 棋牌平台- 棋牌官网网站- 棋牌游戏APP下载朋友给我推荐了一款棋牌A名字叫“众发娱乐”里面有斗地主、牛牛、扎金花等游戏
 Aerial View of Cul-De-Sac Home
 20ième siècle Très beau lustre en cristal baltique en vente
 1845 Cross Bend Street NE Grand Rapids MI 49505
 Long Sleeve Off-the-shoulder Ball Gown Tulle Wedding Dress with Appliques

|---|

Task brief
Write the records out once more. Each line must match.

Answer to the problem
 棋牌平台- 棋牌官网网站- 棋牌游戏APP下载朋友给我推荐了一款棋牌A名字叫“众发娱乐”里面有斗地主、牛牛、扎金花等游戏
 Aerial View of Cul-De-Sac Home
 20ième siècle Très beau lustre en cristal baltique en vente
 1845 Cross Bend Street NE Grand Rapids MI 49505
 Long Sleeve Off-the-shoulder Ball Gown Tulle Wedding Dress with Appliques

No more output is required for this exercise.